Corona Chronicles: New York Times Front Page–Tribute to Victims of Covid 19

May 24, 2020–The New York Times honored the lives lost to the coronavirus in a powerful tribute spread on its Sunday front page.

The newspaper paid tribute to the thousands of lives lost by filling their front page with the names of the victims and parts of their obituaries. The headline read, “U.S. Deaths Near 100,000, an Incalculable Loss,” followed by the subheading: “They were not simply names on a list. They were us.”

Though the names fill the whole page and continue onto three additional pages, the tribute highlights just 1 percent of the country’s total losses.

As of Sunday morning, the newspaper reports that the total number of deaths is nearing 100,000 as at least 97,059 people have died from COVID-19 related illness.

Simone Landon, assistant editor of the Times’ Graphics desk, said she wanted to front page to represent the number of losses in a way that “conveyed both the vastness and the variety of lives lost.”

“We knew we were approaching this milestone,” she said, “The Project Behind a Front Page Full of Names” — the newspaper published the story to explain how the tribute came evolved. “We knew that there should be some way to try to reckon with that number.”

In order to find names of the victims, Alain Delaquérière, a Times researcher, relied on sources online for obituaries and death notices with COVID-19 written as the cause of death.
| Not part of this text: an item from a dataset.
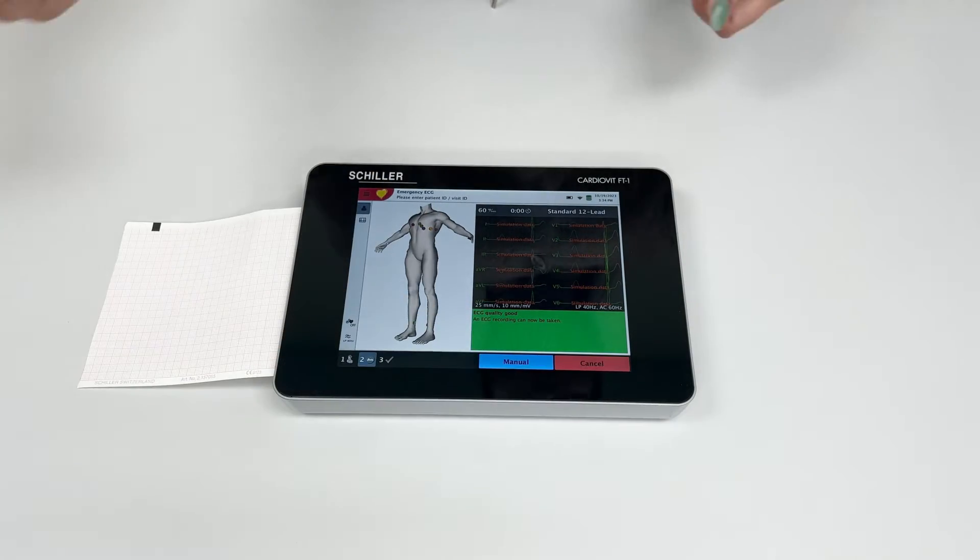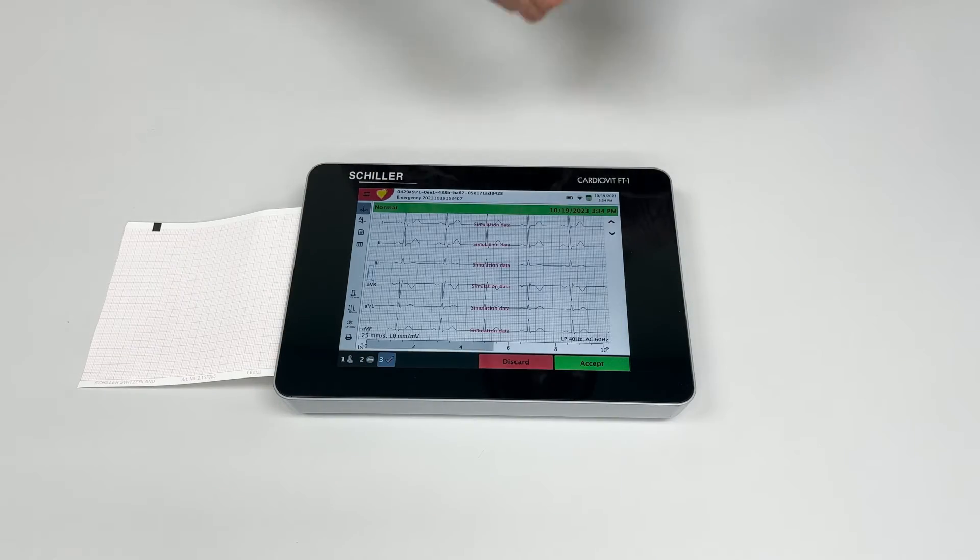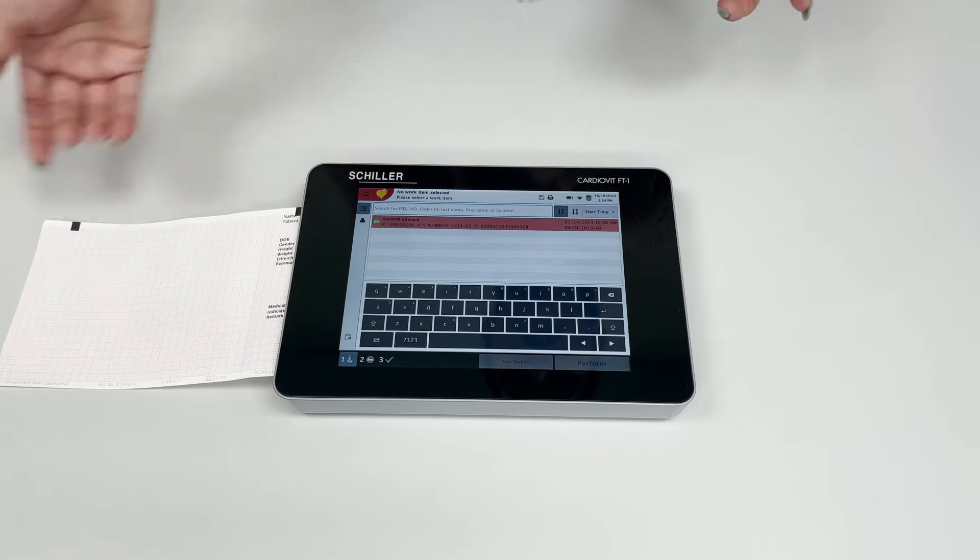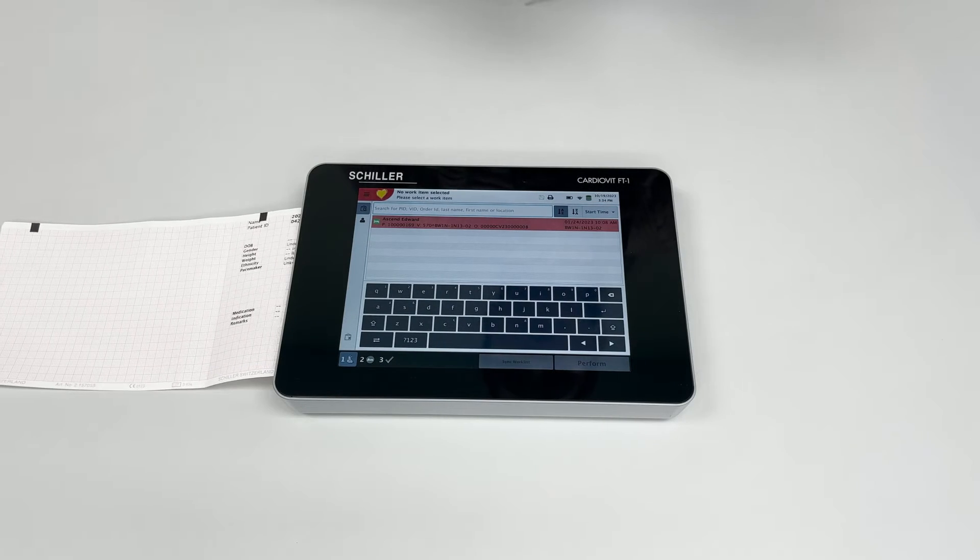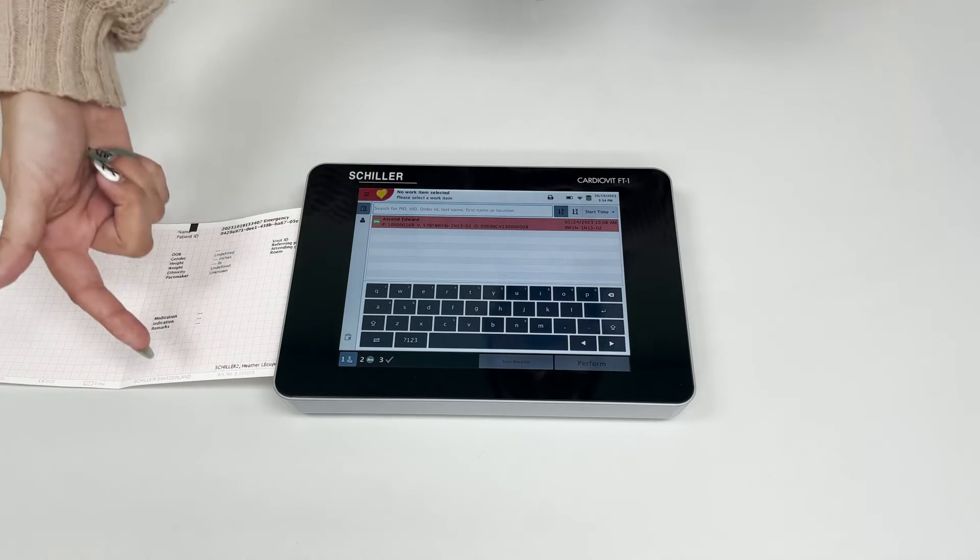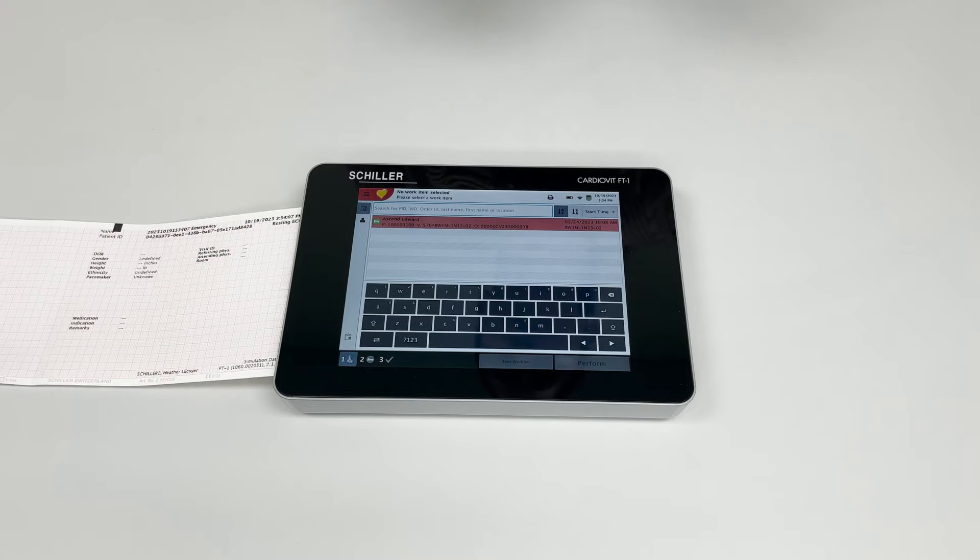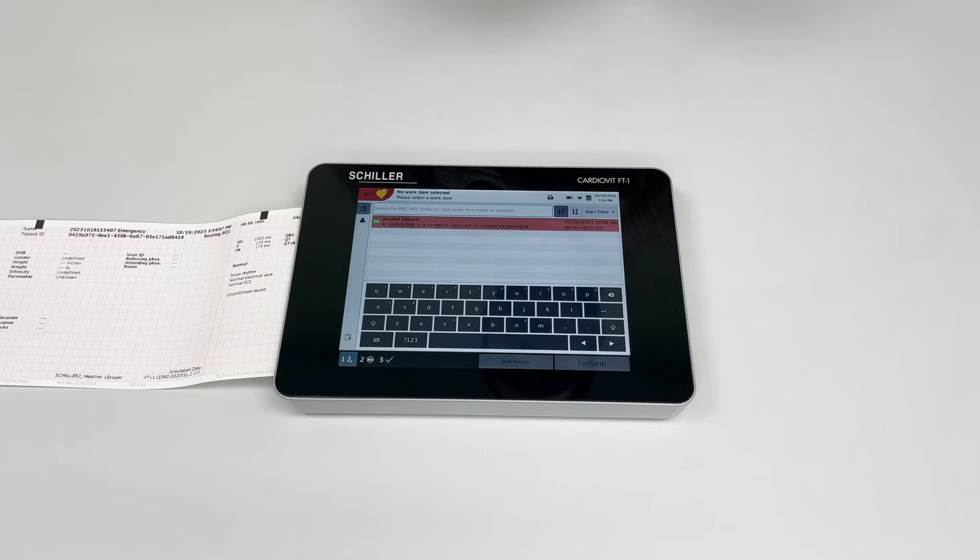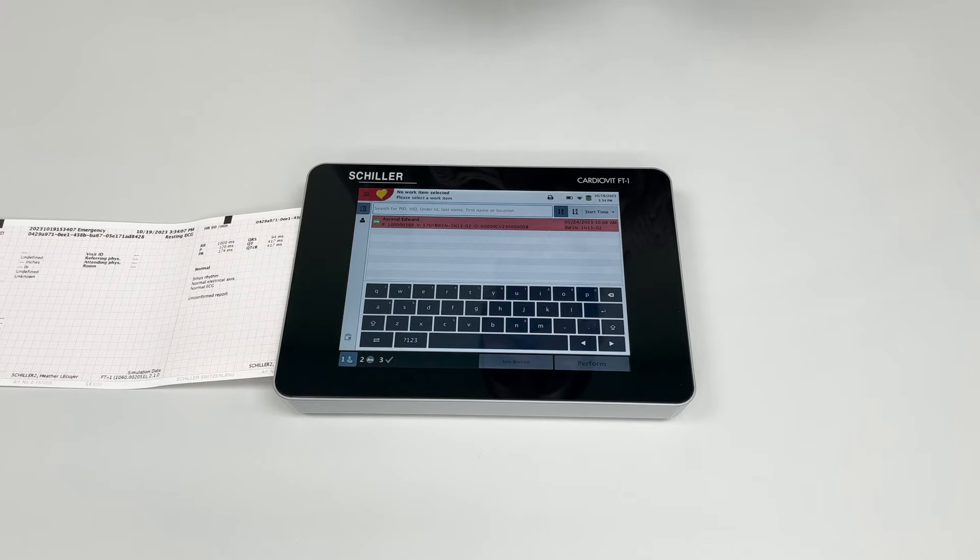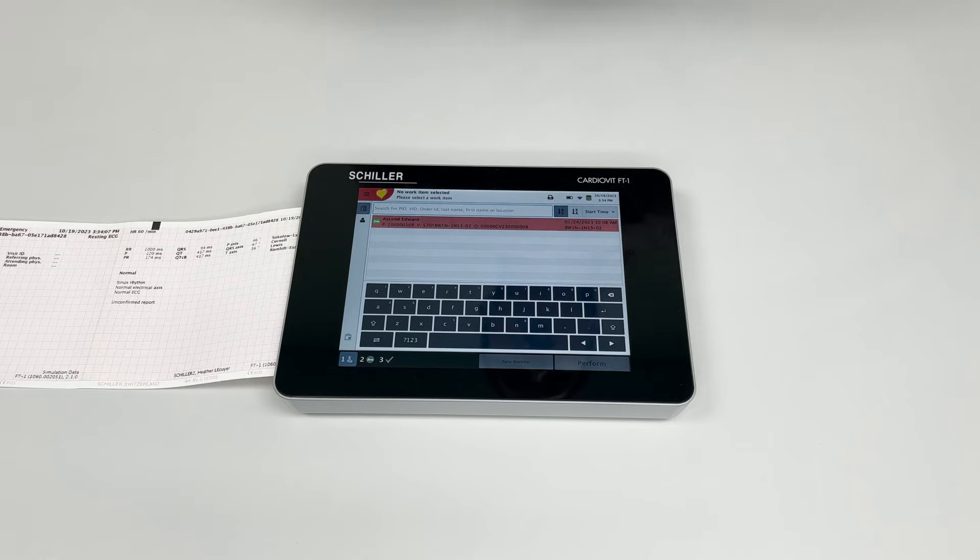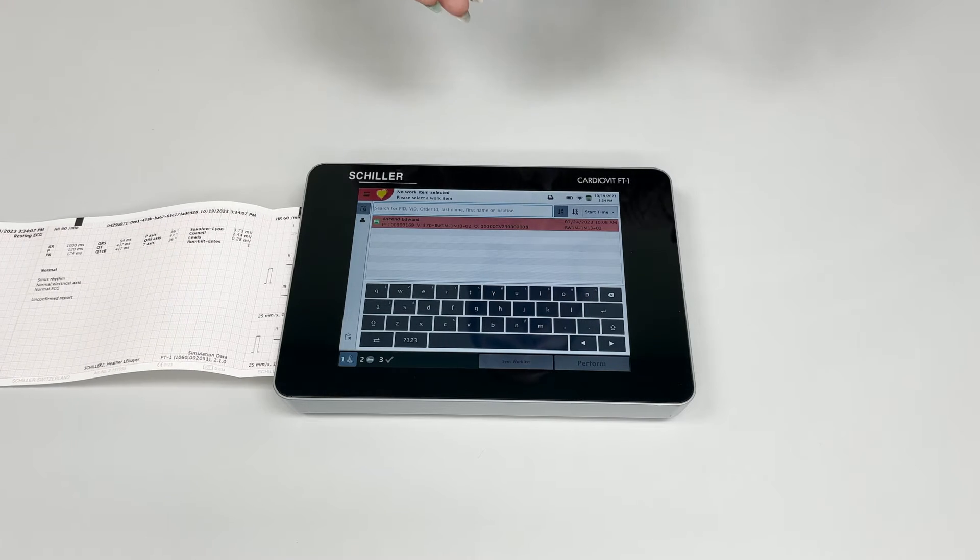As you're performing your EKG, the unit will give you your printout. You'll notice that the paper does have print. Once it stops printing, I'll show you what can go wrong if your paper is inserted incorrectly, which is actually a common problem we encounter when customers call in for support.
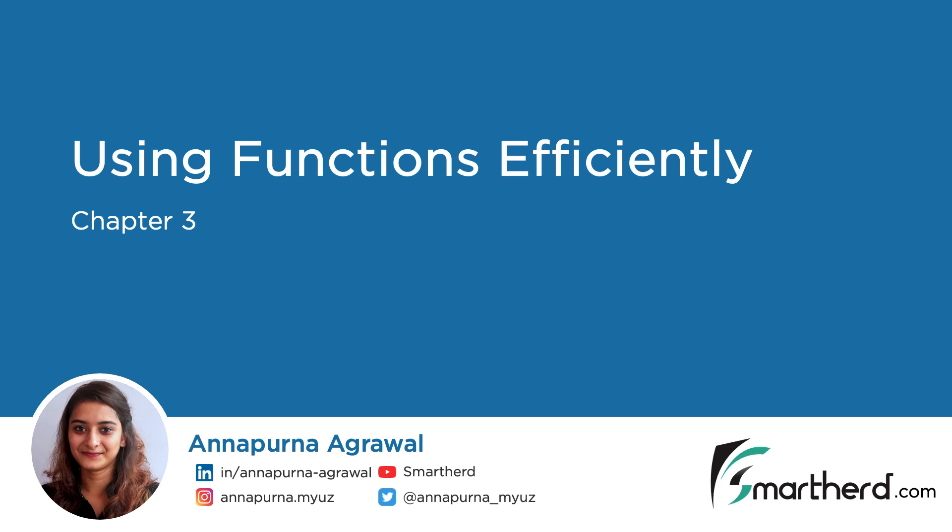Using Functions Efficiently. Functions are the building blocks of TypeScript as well as JavaScript. In this chapter, we will learn about functions in TypeScript in detail.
He compiled a list of nearly a thousand names from hundreds of newspapers. Of their process to create the tribute, the Times stated that a team of editors and three graduate student journalists, read them and collected phrases that depicted the uniqueness of each life lost.

One listing reads, “Coby Adolph, 44, Chicago, entrepreneur and adventurer.” Only text of each name and obituary blurb was used. The pages did not include any images.

Chief Creative Officer Tom Bodkin, who has been with the newspaper for 40 years, said this was the only time he recalls no images being used on the front page. “This is certainly a first in modern times.”

Marc Lacey, National editor, said the tribute was aimed to be something that “people would look back on in 100 years to understand the toll of what we’re living through.”